I found Dr Saul’s piece offensive and patronising
July 23, 2014
Dr Saul’s Op-Ed on July 21, 2014 was offensive and patronising. The account he retold third hand was obviously embellished with adjectives like “thrilled” and “wonderful” describing the process by which the black families in that area were displaced.
The most offensive part of his piece was the suggestion that folks were “speechless” that the women residents would “benefit” from “real jobs” like cooks, domestic workers, seamstresses etc and that “this work would carry on for generations”. Dr Saul’s writings would not have been out of place in 1914 or 1814 even. It conjures images of that scene in The Colour Purple where the character played by Oprah Winfrey is asked by the white mayor’s wife “Don’t you want to come and be my maid?”. Oprah’s character’s response is also mine in this case: “hell no!”.
The tragedy is that Dr Saul feels empowered to write in such a demeaning manner and that his views as expressed have caused little or no outrage. The other, and more ironic, aspect of this Op-Ed’s premise is that it mirrors the current thinking of so many today. The only differences are that international business has replaced the rich Americans of yore in Tucker’s Town.

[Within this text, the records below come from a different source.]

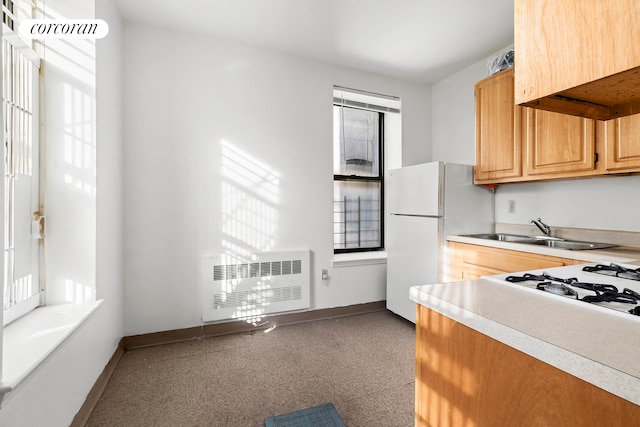 kitchen featuring heating unit, white refrigerator, and sink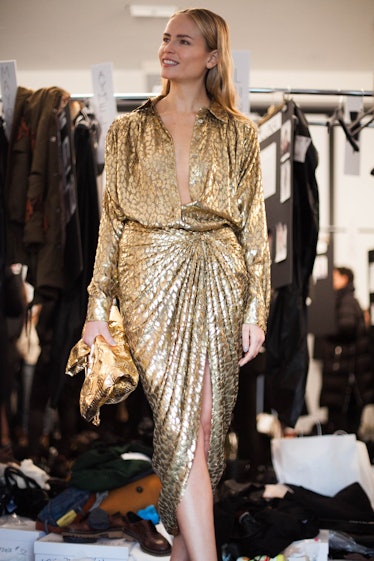A blonde female model posing in golden dress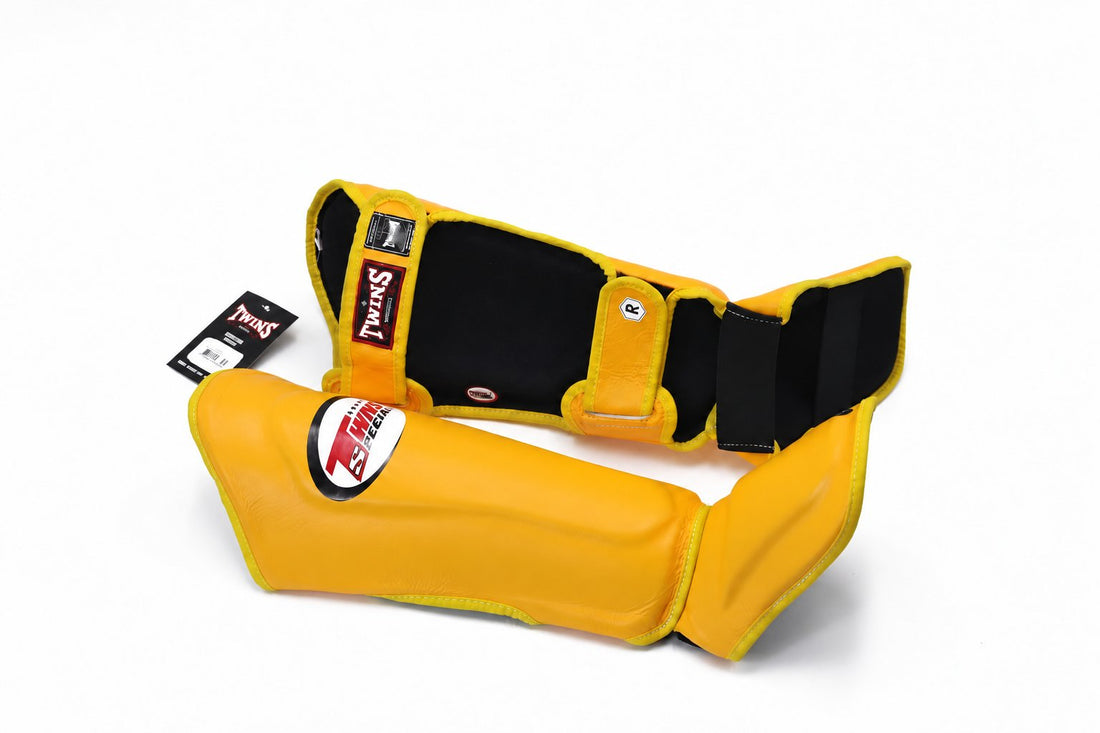 Angled view of yellow Twins Special SGL-10 shin guards showing contoured shin and instep padding, secure hook-and-loop closures, and padded foot support for Muay Thai and kickboxing on a white background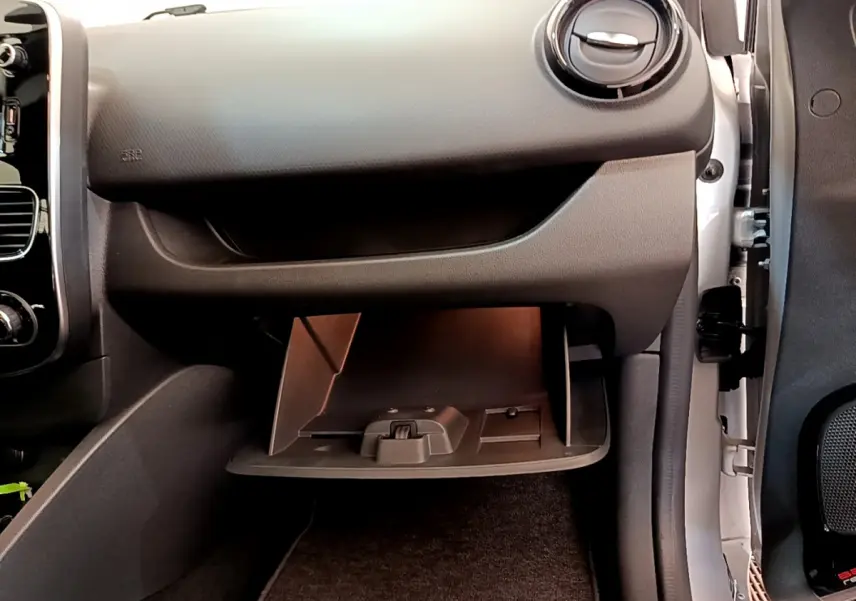 Gros plan sur la boîte à gants ouverte côté passager d'une Renault Clio Business TCe 90 gris clair, intérieur noir.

The message is the same: do as you’re told and these low-level, low paying jobs will be available to you in abundance.
You cannot speak this over a people and expect contentment in this modern era. It is unnatural and the results breed resentment and dissonance. I don’t expect for Dr Saul to express himself any differently. He is who he is. What I do expect is for him to understand that his characterisations of overjoyed blacks, happy in their roles as domestics and labourers is offensive and historically inaccurate.